## Exercise brief
Every line of the data below is to be duplicated exactly, pictures excepted.

## Dataset content
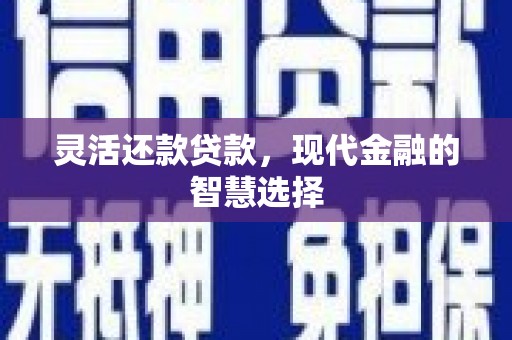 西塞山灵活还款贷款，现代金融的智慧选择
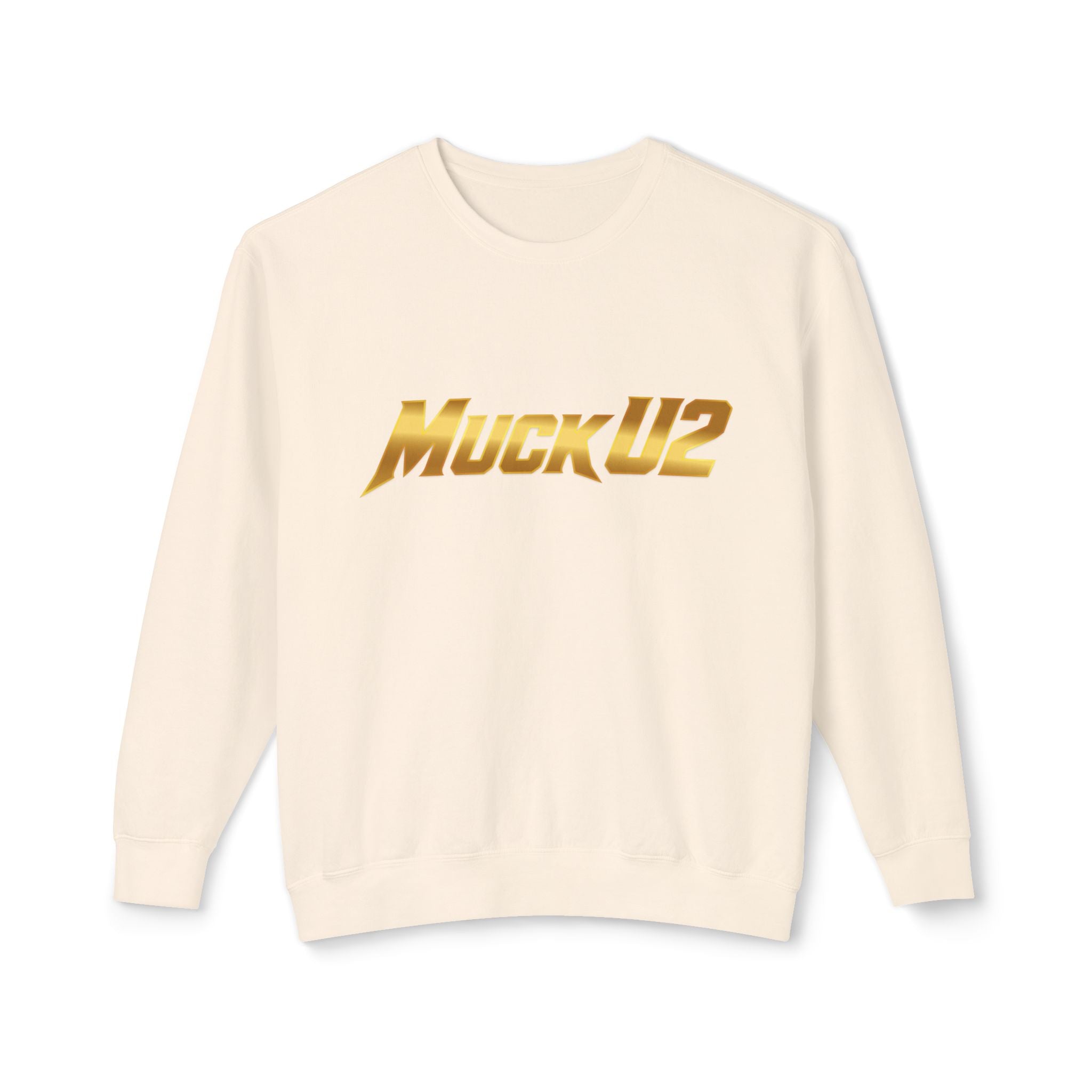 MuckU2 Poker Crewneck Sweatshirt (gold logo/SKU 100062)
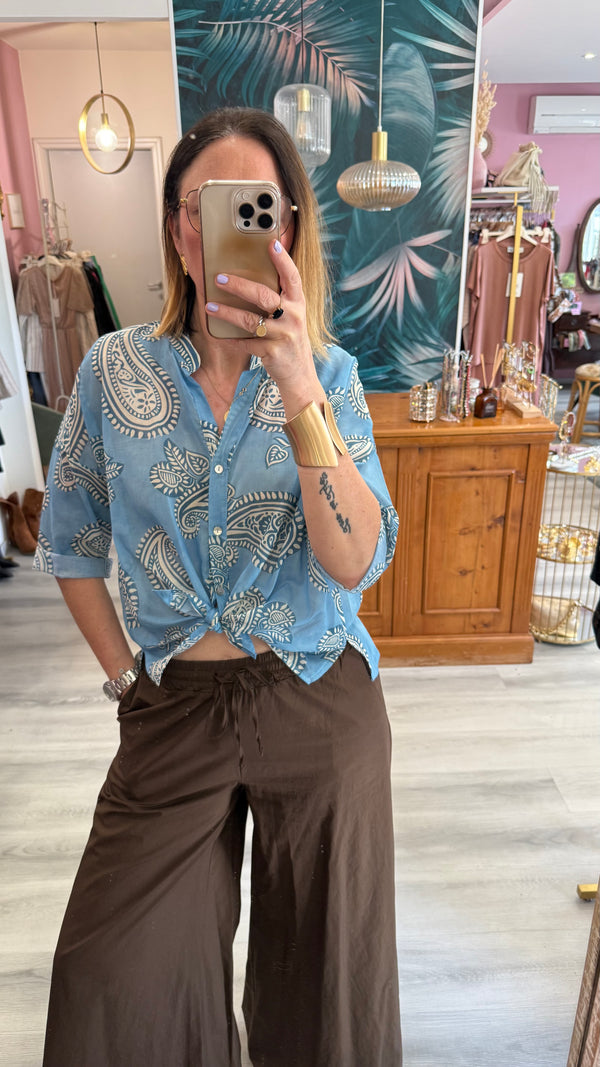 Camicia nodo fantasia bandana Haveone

## Result below
 西塞山灵活还款贷款，现代金融的智慧选择
 MuckU2 Poker Crewneck Sweatshirt (gold logo/SKU 100062)
 Camicia nodo fantasia bandana Haveone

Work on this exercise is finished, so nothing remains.